* _Exercise description_
Take the entries below and retype them word for word, excluding the images.

Dataset extract: Begin

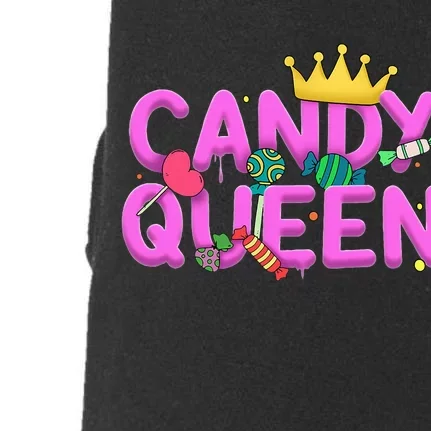 Cool Candy Queen Art For Candy Lollipop Lovers Doggie 3-End Fleece Hoodie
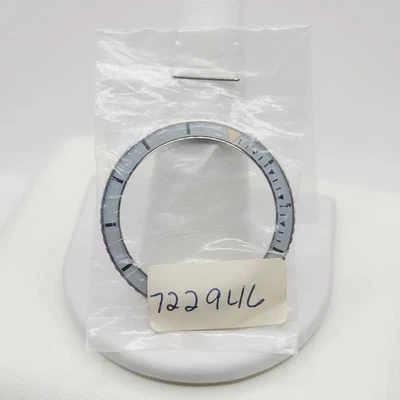 *Vintage* Bisel Zodiac Sea Wolf 7229416 - Gris con Triángulo Amarillo Nuevo de Lote Antiguo Foto 1 de 4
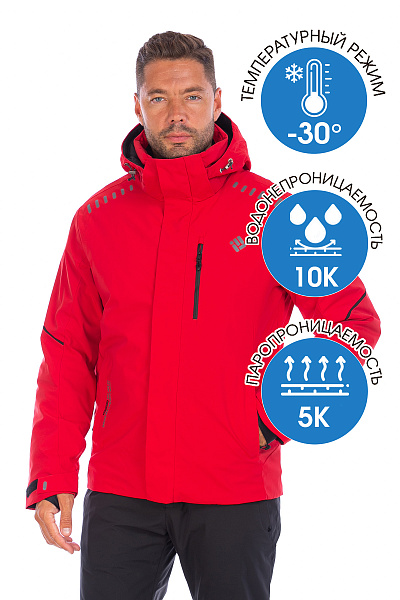Мужской горнолыжный Костюм Forcelab Красный, 70667K1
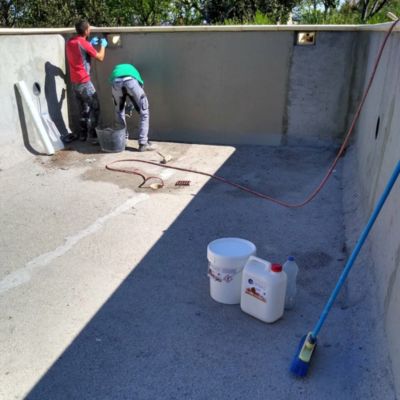 Mortelastic (25+8kg) - Mortier élastique bicomposant pour piscines, terrasses, murs extérieurs... Convient aux supports humides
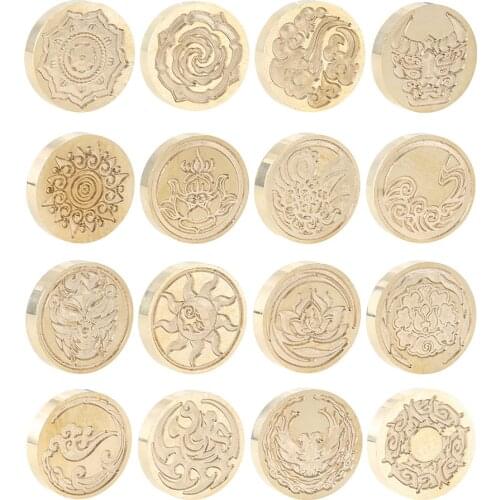 Plant Seal Flower Seal Wax Seal Stamp Retro Antique Sealing Wax Scrapbooking Stamps HEAD Wedding Decorative Invitation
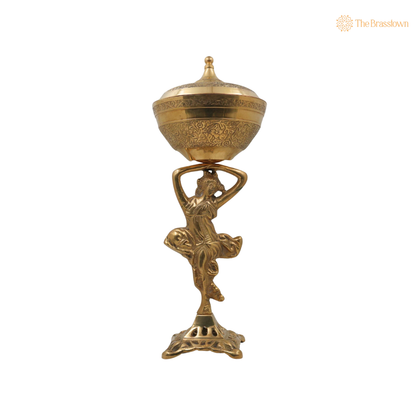 Handmade Brass Fruit Bowl – Traditional Peetal Phal Dani, Pital Phal Thali &amp; Decorative Brass Bowl for Pooja, Home Décor &amp; Serving 14 Inch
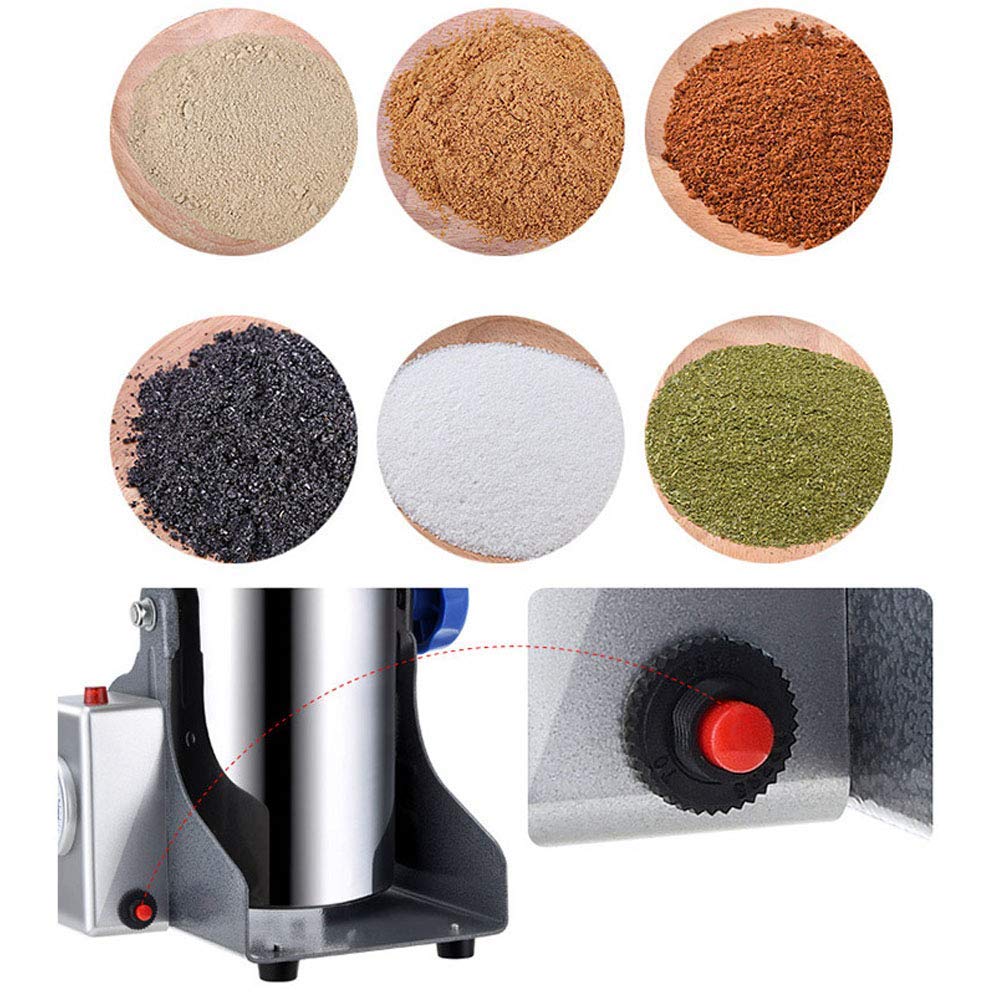 2500G Macina Grano Elettrico Macina Spezie Smerigliatrice per Erbe Tipo Altalena Macchina per Polvere Superfine Smerigliatrice per Erbe per Cucina Pepe Caffè Famiglia Macchina per Polvere Medica 220 V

Dataset extract: End

* _Solution below_
 Cool Candy Queen Art For Candy Lollipop Lovers Doggie 3-End Fleece Hoodie
 *Vintage* Bisel Zodiac Sea Wolf 7229416 - Gris con Triángulo Amarillo Nuevo de Lote Antiguo Foto 1 de 4
Мужской горнолыжный Костюм Forcelab Красный, 70667K1
 Mortelastic (25+8kg) - Mortier élastique bicomposant pour piscines, terrasses, murs extérieurs... Convient aux supports humides
 Plant Seal Flower Seal Wax Seal Stamp Retro Antique Sealing Wax Scrapbooking Stamps HEAD Wedding Decorative Invitation
 Handmade Brass Fruit Bowl – Traditional Peetal Phal Dani, Pital Phal Thali &amp; Decorative Brass Bowl for Pooja, Home Décor &amp; Serving 14 Inch
 2500G Macina Grano Elettrico Macina Spezie Smerigliatrice per Erbe Tipo Altalena Macchina per Polvere Superfine Smerigliatrice per Erbe per Cucina Pepe Caffè Famiglia Macchina per Polvere Medica 220 V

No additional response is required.